“They even apologised for imprisoning us, saying that we had been locked up by mistake. They gave us what they claimed to be nine days of food into the train, but we ate it in two days and starved for the next eight. So whenever we stopped at a station somewhere, we jumped out of the train, sold our English underwear or shirt, which we’d already received, and bought pasties, bread, or cucumbers. In that way we came all the way to Buzuluk.”
“One morning below Dukla, in Machnówka, my commander Václav Růžička said he was hungry, that he’d like a bite to eat. So I told the cooks to prepare something for the commander. They chopped up some wood and wanted to make him an egg with ham or an American tin. But the commander came up and said: ‘Boys, I don’t like it, leave everything here and take the cars back there behind those houses!’ We were on a small square. We hadn’t even finished putting the cars behind the houses when a shell exploded right where we had been standing. And there were so many people and horses nearby that even so we had a lot of wounded.”
“In the morning the artillery blasted the place with so many cannons, Katyushas that, as it was calculated, shells were falling two or three to every metre. The forest was bent double from the terrible din. Then we attacked. Infantry at the head, we behind them, and the Germans were strewn about like sheaves at harvest, lying here, lying there, still alive.”

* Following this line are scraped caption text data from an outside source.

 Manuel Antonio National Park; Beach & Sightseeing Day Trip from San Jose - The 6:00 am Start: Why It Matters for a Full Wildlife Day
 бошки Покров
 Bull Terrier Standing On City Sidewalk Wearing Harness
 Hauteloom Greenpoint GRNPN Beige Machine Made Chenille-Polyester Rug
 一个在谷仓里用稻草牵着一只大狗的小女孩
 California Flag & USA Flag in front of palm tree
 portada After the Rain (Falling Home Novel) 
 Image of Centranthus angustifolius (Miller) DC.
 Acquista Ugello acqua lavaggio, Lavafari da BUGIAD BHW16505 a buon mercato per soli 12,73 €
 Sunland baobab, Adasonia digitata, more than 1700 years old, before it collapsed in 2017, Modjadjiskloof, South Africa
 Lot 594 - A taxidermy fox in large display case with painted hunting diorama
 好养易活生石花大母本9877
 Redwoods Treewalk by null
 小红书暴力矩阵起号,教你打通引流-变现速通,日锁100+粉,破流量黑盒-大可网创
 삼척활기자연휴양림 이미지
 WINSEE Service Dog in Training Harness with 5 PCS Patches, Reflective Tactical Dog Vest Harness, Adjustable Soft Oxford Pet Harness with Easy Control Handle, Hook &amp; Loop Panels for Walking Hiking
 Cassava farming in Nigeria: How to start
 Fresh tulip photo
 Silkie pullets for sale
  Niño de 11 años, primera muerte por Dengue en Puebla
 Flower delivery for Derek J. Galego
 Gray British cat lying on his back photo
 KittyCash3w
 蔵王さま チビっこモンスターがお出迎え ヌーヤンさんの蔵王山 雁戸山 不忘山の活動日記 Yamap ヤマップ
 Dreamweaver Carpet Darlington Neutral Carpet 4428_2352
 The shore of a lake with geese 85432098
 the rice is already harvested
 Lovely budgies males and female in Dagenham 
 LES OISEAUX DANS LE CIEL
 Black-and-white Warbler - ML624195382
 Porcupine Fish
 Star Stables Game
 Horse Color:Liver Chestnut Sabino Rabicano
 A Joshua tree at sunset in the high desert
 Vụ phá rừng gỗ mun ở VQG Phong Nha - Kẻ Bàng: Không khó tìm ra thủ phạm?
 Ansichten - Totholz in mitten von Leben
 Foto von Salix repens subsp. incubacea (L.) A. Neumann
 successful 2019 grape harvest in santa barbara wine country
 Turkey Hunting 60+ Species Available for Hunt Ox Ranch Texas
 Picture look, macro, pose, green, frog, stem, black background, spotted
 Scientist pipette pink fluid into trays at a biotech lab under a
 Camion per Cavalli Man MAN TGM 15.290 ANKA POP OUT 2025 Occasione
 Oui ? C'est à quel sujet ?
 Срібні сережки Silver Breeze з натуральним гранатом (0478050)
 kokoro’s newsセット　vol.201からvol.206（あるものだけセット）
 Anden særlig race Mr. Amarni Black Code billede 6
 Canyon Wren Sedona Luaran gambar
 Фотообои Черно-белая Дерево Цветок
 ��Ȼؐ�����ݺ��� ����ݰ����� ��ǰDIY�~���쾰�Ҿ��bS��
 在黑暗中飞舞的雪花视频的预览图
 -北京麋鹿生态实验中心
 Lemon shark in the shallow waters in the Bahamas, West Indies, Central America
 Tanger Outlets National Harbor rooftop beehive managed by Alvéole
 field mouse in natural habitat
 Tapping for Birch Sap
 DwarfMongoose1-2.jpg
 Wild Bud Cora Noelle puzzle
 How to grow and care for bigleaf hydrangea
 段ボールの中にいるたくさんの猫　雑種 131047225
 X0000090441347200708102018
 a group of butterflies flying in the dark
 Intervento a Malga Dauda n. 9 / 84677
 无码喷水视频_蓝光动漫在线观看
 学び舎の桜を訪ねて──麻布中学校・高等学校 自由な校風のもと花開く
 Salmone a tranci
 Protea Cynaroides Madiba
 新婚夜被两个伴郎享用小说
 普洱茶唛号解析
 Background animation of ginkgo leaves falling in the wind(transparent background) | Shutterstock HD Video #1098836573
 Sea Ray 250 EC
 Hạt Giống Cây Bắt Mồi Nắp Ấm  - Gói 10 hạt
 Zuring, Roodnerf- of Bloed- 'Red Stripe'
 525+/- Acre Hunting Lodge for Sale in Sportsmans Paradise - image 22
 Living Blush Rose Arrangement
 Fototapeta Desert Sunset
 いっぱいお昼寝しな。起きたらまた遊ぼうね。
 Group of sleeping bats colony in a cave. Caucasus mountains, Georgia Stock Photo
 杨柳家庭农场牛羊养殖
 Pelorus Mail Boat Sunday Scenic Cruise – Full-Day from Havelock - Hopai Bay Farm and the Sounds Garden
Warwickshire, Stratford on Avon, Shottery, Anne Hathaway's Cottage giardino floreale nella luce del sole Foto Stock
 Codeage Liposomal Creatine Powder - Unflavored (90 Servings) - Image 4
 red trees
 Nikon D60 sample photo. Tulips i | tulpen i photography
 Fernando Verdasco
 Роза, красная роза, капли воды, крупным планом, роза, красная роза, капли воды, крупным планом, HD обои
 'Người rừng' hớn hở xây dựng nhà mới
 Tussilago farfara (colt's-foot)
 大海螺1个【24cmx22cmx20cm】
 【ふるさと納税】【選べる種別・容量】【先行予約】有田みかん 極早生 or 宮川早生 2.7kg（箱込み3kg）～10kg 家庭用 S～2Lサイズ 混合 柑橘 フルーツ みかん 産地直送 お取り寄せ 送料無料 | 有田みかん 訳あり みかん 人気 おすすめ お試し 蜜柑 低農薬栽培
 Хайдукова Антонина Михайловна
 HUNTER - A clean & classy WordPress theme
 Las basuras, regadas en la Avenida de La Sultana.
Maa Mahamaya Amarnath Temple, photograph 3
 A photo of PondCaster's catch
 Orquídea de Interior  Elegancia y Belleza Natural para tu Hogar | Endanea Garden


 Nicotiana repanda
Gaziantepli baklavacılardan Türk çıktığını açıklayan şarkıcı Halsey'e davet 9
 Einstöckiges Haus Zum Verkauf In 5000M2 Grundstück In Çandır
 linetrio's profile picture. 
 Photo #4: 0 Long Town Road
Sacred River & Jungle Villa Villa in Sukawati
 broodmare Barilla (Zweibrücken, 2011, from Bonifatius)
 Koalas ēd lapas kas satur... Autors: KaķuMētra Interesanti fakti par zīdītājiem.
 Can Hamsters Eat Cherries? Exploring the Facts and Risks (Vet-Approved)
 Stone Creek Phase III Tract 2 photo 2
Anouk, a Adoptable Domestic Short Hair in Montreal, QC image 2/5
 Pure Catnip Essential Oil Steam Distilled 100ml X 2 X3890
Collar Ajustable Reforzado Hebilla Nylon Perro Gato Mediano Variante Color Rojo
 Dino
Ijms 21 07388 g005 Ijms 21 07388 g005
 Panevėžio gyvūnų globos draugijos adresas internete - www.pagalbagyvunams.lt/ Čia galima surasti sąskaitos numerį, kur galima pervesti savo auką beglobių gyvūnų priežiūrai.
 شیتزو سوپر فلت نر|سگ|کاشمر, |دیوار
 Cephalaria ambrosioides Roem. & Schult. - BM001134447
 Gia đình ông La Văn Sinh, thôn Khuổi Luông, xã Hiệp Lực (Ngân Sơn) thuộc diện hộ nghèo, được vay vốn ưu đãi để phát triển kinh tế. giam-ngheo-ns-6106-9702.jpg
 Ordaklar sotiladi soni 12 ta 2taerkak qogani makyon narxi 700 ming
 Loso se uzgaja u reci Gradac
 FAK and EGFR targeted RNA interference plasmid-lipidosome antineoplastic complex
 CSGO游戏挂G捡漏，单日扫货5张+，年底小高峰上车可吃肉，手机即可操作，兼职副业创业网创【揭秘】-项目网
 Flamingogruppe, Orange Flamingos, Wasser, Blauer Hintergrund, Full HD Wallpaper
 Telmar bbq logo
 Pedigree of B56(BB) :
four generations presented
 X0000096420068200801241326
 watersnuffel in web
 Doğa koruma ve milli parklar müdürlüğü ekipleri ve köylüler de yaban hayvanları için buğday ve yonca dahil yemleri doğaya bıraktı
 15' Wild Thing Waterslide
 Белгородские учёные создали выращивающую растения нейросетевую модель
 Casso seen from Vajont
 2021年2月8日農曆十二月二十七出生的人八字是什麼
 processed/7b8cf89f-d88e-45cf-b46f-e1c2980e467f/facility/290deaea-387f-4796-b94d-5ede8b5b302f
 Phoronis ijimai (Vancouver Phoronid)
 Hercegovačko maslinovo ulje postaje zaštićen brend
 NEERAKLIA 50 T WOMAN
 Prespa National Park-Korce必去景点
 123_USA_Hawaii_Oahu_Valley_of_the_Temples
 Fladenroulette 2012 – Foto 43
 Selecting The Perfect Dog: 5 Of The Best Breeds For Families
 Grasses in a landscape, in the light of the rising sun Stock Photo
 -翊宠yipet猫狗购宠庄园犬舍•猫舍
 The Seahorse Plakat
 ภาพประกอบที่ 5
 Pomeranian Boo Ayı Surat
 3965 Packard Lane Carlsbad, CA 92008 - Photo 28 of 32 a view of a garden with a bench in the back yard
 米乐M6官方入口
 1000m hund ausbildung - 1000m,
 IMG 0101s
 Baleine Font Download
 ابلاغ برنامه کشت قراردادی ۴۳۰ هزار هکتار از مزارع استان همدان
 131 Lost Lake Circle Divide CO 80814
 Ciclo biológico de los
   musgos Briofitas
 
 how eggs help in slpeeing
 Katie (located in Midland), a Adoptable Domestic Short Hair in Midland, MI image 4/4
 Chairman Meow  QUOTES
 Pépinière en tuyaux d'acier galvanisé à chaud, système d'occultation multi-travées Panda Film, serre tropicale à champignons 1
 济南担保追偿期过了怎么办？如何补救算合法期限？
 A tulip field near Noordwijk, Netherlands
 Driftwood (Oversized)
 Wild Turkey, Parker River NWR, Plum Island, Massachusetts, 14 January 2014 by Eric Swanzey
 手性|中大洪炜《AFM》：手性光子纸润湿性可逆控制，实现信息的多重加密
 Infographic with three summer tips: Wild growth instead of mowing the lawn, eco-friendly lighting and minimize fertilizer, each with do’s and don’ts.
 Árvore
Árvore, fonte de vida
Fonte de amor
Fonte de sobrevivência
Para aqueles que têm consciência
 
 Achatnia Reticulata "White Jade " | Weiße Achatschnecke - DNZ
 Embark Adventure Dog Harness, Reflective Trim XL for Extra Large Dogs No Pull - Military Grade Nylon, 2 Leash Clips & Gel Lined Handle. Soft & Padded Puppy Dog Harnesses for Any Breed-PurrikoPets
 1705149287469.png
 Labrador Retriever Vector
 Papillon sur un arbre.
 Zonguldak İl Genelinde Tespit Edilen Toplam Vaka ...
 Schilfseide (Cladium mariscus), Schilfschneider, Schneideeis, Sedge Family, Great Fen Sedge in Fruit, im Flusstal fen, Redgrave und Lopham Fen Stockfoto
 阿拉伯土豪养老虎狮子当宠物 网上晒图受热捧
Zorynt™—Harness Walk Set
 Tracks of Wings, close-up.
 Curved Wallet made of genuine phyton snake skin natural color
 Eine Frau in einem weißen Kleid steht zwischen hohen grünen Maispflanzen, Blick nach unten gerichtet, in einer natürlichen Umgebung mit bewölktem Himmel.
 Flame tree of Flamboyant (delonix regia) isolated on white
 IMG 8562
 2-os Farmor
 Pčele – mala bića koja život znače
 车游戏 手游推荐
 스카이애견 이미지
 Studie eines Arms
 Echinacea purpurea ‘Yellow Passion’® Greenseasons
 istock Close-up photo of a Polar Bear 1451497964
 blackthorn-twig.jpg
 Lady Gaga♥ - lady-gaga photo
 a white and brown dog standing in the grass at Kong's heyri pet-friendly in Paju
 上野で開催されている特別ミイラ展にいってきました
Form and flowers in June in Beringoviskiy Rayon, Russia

“In the morning the soldiers left to the training grounds. I stayed with the boys and we prepared the food. It was drizzling. About seven a.m. He (Gen. Svoboda) said: ‘What’re you cooking?’ The boys were Volhynian Czechs, fresh fish, they didn’t know him. ‘What’s it to you? That’s a military secret.’ Everything was a military secret on the front. I recognised him by his voice. I was doing something. Sorting something out in the car.”
“In the morning, a day before the new year, we came to Malá Cerekev. There was a sugar mill there, Ruda, which had a huge amount of sugar. The Germans were still in the sugar mill when the Soviet soldiers started taking it over. They had a rearguard, which captured and detained loot, various warehouses and material. And we came there and wanted the sugar. They didn’t want to give it to us. ‘You have to give it to us, or we’ll take it anyway.’ So we went and took one sack and started dragging it away. A Soviet soldier sat on it and refused to get off. So about four of us took the sack, soldier and all, and loaded it up into our car. Then he said: ‘Take it then and go.’ We took two hundred-kilo sacks there, and we used it to distil vodka at the front.”
“There was one boy there, twenty-or-so years old. He always took his rifle and went off to shoot Germans like he was going to hunt game. He would go to the front lines, lie down, and it was enough if a German just showed a hand, or... and he hit him. He was a sniper. Olovčák was his name. Well, and one time when an aeroplane flew low to the ground, he shot it down.”
Shells were falling two or three to every metre, the forest was bent double from the terrible din
Fedor Havran is a native of Carpathian Ruthenia, he was born in 1919. In 1940 he was drafted into the Hungarian occupation army, whence he fled to the USSR. However, there he was convicted of illegally crossing the borders and imprisoned in various labour camps. He was released upon applying to the newly founded Czechoslovak independent battalion in Buzuluk. He fought under the Czechoslovak banner in various places throughout the USSR and Czechoslovakia, including Kiev and Dukla. At first, he served with the anti-aircraft artillery, later as a quartermaster, he was known for his singular ability to obtain food for his soldiers under any circumstances. After the war he settled down in northern Bohemia and worked as a restaurateur. He died in 2006.